A function EVAL-SEGMENT is applied to each segment, in arbitrary
order. This function includes 2 multiplies, 3 addition/subtractions,
and 3 SETFs. While this function is not so important to the following
discussion, here it is anyway:



(defun eval-segment (segment)
  (declare (optimize (safety 0) (speed 3) (space 1))
	   (type segment segment))
  (let* ((alpha-cap-double (the double-float (* (the double-float *2/dt*)
						(segment-capacitance segment))))
	 (node (segment-node-2 segment))
	 (node-double-floats (node-double-floats node)))
    (declare (single-float alpha-cap)
	     (double-float alpha-cap-double))
    (setf
     (node-double-floats-aref-current node-double-floats)
     (the double-float (- (node-double-floats-aref-current node-double-floats)
			  (segment-g-leak*v-leak-double segment)))

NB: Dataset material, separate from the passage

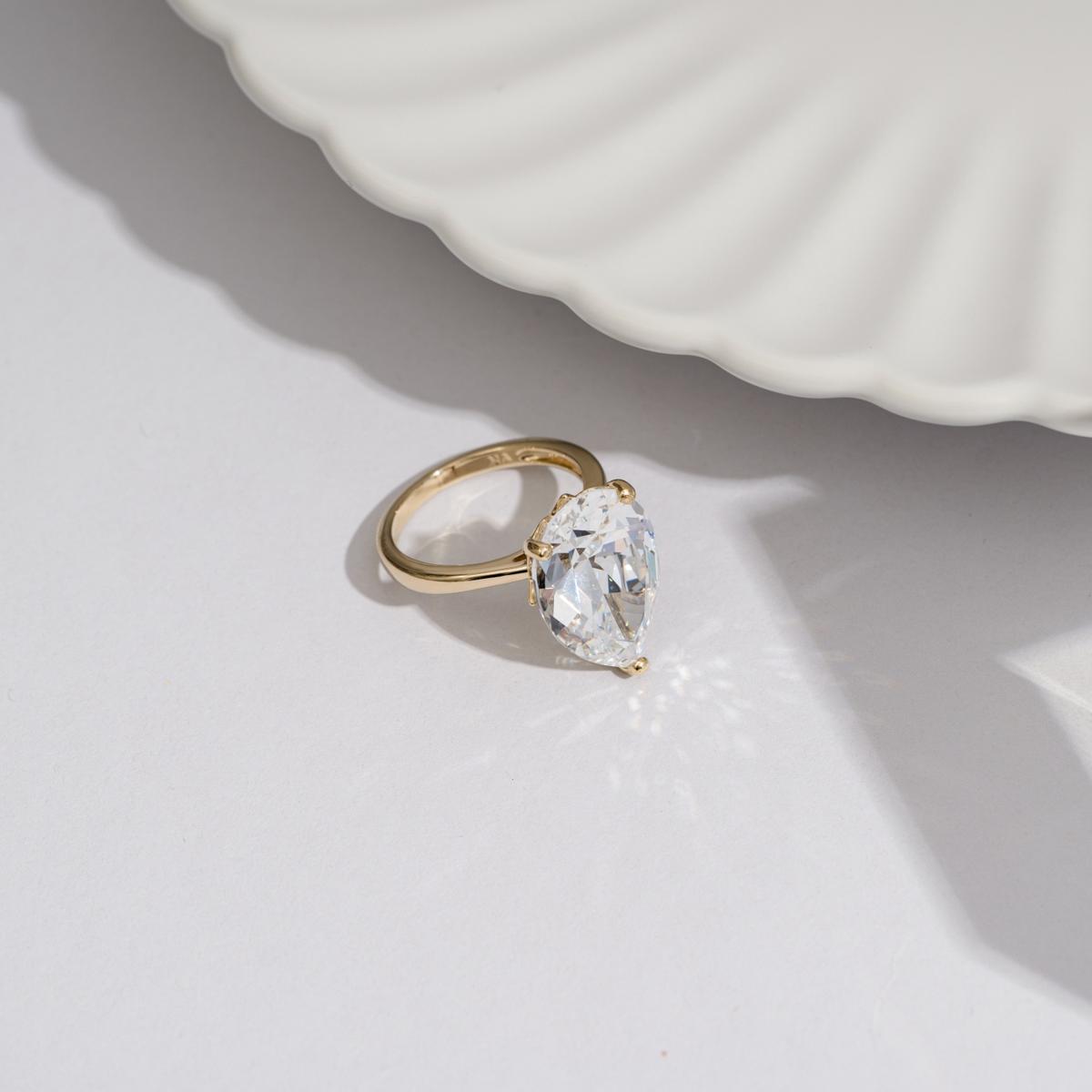 Radiance by Absolute™ 19.45ctw Pear Cut Solitaire Ring | HSN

     (node-double-floats-aref-alpha-charge node-double-floats)
     (the double-float (+ (node-double-floats-aref-alpha-charge node-double-floats)
			  (the double-float
			       (* (the double-float alpha-cap-double)
				  (node-double-floats-aref-voltage-n node-double-floats)))))

     (node-double-floats-aref-jacobian node-double-floats)
     (the double-float (+ (node-double-floats-aref-jacobian node-double-floats)
			  (the double-float alpha-cap-double)))))
  nil)




I have tried various iteration constructs to find the most efficient
one, yet all seem to put as much time in the iteration mechanics as in
the applied function:



(defun eval-all-segments-array ()
  (declare (optimize (safety 0) (speed 3) (space 0) (compilation-speed 0)))
  (do ((i 0 (1+ (the fixnum i))))
      ((= (the fixnum i)
	  (the fixnum (length (the (simple-array segment (*)) *segment-array*)))))
    (eval-segment (aref (the (simple-array segment (*)) *segment-array*) i))))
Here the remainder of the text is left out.